Caption-style text data
※ ※ ※

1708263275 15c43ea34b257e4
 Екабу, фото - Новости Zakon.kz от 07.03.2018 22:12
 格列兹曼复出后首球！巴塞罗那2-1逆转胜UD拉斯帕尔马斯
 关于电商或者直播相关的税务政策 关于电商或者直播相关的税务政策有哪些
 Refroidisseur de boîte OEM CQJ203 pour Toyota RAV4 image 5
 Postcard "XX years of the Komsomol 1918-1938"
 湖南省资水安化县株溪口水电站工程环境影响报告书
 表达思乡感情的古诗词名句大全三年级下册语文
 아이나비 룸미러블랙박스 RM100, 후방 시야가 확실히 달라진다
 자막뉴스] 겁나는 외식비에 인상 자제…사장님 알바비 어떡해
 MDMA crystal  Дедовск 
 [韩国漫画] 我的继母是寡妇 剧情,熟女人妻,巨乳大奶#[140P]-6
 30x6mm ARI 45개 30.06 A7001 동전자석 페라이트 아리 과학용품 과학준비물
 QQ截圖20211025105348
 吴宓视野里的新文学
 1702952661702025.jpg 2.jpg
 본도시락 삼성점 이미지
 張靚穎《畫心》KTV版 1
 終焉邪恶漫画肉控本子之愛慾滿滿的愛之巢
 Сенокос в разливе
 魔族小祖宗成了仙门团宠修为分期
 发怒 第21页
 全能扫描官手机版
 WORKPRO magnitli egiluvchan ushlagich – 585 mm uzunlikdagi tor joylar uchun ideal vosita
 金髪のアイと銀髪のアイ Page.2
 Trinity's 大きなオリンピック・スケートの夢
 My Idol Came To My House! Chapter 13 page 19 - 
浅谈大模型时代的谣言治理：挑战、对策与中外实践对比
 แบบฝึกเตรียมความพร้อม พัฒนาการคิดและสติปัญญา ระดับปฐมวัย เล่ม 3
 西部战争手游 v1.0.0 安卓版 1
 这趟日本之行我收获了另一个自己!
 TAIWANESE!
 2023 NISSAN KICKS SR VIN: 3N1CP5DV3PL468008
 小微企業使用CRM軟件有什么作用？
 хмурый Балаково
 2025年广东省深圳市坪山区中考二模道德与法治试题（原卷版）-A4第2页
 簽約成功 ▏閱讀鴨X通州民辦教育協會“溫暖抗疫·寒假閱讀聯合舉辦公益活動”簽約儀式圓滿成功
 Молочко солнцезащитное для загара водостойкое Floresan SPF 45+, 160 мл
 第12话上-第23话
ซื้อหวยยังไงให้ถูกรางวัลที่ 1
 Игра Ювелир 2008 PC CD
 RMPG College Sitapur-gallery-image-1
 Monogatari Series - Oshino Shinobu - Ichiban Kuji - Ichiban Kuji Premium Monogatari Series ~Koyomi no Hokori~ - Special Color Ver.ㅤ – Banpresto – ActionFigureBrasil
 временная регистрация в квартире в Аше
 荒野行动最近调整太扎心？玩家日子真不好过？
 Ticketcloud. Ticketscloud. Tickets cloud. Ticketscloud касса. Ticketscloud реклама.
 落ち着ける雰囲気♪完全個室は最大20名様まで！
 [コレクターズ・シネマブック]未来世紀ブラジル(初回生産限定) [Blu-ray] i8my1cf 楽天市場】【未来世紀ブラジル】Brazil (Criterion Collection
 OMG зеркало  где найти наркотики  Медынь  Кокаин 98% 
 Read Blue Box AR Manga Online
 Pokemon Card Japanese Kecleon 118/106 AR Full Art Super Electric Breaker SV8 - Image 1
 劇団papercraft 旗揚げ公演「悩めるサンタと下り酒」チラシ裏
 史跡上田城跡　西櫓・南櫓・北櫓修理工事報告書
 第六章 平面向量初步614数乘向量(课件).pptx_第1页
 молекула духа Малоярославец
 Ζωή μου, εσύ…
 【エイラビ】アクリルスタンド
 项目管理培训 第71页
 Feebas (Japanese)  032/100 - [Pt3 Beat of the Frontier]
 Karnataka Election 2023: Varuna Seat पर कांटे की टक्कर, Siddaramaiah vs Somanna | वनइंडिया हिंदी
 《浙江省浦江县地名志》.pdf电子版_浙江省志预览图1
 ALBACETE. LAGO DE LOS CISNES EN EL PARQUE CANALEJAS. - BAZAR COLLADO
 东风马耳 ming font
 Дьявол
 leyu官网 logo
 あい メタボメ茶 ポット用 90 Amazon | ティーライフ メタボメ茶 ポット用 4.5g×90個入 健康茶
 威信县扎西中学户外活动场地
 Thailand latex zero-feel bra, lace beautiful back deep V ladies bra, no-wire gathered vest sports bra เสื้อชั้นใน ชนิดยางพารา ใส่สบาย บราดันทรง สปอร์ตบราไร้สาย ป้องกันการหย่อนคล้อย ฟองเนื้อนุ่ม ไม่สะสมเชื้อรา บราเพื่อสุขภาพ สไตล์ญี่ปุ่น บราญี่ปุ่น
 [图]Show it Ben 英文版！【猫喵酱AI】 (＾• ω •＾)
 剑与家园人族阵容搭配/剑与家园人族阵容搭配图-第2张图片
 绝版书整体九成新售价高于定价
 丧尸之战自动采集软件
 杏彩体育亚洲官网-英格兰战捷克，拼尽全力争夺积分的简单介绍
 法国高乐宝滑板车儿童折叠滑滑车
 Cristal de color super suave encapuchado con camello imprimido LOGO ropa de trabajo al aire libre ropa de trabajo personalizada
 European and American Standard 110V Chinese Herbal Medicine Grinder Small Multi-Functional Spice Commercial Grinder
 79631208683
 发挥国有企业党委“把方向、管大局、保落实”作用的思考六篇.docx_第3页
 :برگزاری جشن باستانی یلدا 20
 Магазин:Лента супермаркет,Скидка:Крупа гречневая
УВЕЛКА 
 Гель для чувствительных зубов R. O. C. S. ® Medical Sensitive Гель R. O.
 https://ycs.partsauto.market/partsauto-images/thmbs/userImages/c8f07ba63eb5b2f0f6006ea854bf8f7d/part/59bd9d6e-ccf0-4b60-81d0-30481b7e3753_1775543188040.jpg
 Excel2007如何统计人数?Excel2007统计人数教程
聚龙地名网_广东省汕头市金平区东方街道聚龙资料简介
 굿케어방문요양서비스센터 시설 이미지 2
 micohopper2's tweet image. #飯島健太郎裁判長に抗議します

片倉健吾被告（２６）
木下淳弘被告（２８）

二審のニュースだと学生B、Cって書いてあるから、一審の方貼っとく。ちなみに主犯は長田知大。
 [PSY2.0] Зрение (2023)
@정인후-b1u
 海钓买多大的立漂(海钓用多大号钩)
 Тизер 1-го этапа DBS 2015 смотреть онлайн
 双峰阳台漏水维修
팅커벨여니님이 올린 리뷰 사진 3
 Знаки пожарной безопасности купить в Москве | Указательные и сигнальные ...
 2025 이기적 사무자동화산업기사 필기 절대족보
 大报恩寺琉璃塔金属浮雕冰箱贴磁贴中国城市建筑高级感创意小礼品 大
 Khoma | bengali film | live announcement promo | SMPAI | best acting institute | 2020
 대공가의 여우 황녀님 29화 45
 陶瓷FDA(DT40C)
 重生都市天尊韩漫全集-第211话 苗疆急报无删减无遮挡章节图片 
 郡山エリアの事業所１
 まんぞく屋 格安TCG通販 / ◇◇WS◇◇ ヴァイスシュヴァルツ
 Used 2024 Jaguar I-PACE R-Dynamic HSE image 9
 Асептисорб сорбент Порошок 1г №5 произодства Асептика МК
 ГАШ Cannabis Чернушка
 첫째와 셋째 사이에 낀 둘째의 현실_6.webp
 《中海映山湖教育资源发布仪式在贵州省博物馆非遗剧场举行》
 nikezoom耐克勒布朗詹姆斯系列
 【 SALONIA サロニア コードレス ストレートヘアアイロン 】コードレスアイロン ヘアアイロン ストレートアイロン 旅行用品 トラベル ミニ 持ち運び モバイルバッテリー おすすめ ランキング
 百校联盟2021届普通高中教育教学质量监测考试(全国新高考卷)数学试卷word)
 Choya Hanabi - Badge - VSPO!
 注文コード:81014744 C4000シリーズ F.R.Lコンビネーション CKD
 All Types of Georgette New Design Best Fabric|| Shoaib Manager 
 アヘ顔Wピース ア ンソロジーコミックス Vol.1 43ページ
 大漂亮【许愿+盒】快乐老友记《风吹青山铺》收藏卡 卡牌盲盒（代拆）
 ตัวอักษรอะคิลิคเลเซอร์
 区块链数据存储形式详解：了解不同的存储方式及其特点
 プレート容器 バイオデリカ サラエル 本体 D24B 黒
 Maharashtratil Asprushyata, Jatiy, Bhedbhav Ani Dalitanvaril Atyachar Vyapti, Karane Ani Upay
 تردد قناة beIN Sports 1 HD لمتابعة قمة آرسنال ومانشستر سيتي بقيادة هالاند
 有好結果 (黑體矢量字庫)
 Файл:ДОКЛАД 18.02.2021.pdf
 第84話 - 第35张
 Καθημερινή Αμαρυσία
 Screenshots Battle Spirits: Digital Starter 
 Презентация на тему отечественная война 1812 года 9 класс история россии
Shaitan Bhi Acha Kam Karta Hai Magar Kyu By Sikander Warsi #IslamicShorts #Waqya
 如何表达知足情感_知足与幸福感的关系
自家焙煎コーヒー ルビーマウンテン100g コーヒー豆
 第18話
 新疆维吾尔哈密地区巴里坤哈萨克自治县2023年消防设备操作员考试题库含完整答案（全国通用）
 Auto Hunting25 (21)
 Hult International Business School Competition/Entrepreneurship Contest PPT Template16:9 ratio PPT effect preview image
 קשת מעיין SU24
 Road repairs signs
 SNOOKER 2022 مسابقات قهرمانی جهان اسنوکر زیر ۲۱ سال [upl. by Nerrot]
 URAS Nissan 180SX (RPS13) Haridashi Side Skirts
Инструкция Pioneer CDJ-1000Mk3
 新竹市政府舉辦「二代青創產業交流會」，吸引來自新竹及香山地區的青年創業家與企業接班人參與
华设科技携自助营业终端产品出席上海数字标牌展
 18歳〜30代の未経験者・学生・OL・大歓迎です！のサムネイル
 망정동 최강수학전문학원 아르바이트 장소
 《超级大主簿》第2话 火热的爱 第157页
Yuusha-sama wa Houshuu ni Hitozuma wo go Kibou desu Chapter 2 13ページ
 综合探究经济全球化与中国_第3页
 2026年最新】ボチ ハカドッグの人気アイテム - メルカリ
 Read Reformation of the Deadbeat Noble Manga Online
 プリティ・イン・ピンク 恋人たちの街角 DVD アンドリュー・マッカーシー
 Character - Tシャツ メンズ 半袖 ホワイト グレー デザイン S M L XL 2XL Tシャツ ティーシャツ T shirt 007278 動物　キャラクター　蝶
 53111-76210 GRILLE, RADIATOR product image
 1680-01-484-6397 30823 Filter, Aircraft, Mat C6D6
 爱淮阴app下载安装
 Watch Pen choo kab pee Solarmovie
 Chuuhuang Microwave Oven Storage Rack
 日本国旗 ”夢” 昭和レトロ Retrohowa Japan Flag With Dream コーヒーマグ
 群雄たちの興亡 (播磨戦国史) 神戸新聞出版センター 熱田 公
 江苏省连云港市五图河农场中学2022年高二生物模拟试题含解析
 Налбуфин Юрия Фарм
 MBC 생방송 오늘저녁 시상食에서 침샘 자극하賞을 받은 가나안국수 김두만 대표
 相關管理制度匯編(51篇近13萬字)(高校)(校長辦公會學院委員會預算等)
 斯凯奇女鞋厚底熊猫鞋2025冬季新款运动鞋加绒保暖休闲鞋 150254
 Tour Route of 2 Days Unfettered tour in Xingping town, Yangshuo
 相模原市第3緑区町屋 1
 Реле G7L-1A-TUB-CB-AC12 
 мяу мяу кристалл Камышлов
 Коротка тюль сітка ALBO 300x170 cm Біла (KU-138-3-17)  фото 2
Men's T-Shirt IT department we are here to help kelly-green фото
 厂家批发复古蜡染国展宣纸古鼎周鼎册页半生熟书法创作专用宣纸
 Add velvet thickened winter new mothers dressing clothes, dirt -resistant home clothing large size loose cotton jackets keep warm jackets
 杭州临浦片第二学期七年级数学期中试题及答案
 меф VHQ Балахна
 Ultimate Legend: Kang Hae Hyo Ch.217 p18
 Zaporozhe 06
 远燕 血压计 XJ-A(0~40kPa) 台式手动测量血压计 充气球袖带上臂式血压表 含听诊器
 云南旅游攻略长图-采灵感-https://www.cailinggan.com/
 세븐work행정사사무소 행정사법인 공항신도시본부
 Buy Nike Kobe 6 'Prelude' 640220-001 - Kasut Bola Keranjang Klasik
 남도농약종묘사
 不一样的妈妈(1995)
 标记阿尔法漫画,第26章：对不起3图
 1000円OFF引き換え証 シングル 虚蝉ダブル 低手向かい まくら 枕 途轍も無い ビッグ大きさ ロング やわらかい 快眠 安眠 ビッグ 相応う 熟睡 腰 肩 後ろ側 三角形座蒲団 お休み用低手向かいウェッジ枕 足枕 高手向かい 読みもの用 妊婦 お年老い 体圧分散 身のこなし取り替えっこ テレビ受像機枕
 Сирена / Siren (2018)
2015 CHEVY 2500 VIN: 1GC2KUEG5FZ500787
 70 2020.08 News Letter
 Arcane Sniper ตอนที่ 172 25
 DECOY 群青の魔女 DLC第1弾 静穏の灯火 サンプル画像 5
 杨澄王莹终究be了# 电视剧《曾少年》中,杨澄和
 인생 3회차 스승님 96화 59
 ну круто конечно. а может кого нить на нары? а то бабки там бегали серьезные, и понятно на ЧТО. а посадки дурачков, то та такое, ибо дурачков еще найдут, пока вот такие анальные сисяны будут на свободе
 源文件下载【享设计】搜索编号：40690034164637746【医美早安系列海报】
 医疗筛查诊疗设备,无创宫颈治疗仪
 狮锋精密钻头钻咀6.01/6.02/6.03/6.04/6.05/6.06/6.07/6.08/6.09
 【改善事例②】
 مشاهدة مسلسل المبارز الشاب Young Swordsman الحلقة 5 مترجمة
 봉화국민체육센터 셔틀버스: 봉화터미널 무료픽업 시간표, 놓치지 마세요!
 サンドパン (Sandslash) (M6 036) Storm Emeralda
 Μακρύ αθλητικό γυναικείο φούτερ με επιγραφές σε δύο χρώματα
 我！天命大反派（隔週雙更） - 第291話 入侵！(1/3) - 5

※ ※ ※

*Exercise aim:*
Please go through the entries and show every line with the word "Read".

*Result for this exercise:*
 Read Blue Box AR Manga Online
 Read Reformation of the Deadbeat Noble Manga Online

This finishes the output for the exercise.